Students and faculty choose long commute for ‘experience’

While most students choose to commute for convenience, others endure the long, difficult and sometimes illegal commute.

Senior Marek Szwast commutes from Metuchen, N.J., and aside from the typically impossible task of finding a spot; he said his commute is illegal.

“The state of New Jersey took away my driver’s license for a period of time,” Szwast said. “Taking the train was out of the question since it required me to first go to Secaucus and then transferring onto a train that went to South Orange. A process that could take two to three hours each direction.”

After deciding the train was too difficult, Szwast said he made the decision to drive without a license.

“I chose to leave my muscle car in the driveway and pick up an inconspicuous commuter car since I assume it would draw less attention,” Szwast said. “Luckily I managed to get away with my less than legal commute.”

Senior and triple major Antoinette Dixon commutes from Jersey City, N.J., because Seton Hall is the only school she wanted to receive her education from.

“It’s too expensive for me to live on campus so I commute,” Dixon said.

What otherwise would be a short commute, Dixon takes public transportation to and from her home that takes approximately two to two and a half hours.

“I take a bus from my house to Journal Square which is normally a 40 minute ride, the Path to Newark, which is a 15 minute ride and the 31 bus to the school which takes 30-40 minutes,” Dixon said.

According to Dixon, the 31 bus may take longer depending on the time.

“Commuting is easier during certain times of the day,” Dixon said.

Assistant Dean of Students Winston Roberts agreed that his two hour commute from Brooklyn, N.Y. is the worst in the evening.

“My night commute is the hardest,” Roberts said.

Roberts, who is out the door at 7 a.m. said it is difficult to depend on N.J. Transit.

“I used to drive but it wasn’t good for my blood pressure,” Roberts said. “I love living in the city so the commute is part of that sacrifice.”

Roberts also noted that the environment he works in is worth the commute.

Dr. Christopher Sharrett, Department of Communication and the Arts, also makes the commute because it is worth his career at SHU.

Sharrett has commuted to SHU from Connecticut for the last 23 years.

“My commute is two hours each way,” Sharrett said.

According to Sharrett, while he sometimes stays with friends in N.J. he most often commutes.

“Driving gets tougher as you get older,” Sharrett said. “It can be murder on your body, so you need to stop and stretch.”
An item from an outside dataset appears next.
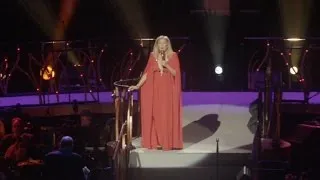 Barbra Streisand sings "You're the Top"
According to Sharrett, the biggest issue isn’t the long commute.

“The biggest issue these days is the incredible volume of traffic,” Sharrett said. “With that goes constant road repair and accidents. That kind of issue can turn a two-hour trip into an all-day nightmare.”

Dixon is also the vice president of the Commuter Council and said she encourages commuters to join the club even though it might be hard to be active on campus.

“Don’t be intimidated by the difficulty of commuting when it comes to trying to achieve your goals,” Dixon said.

Roberts said he is coming the University brings back the commuter council provided for faculty.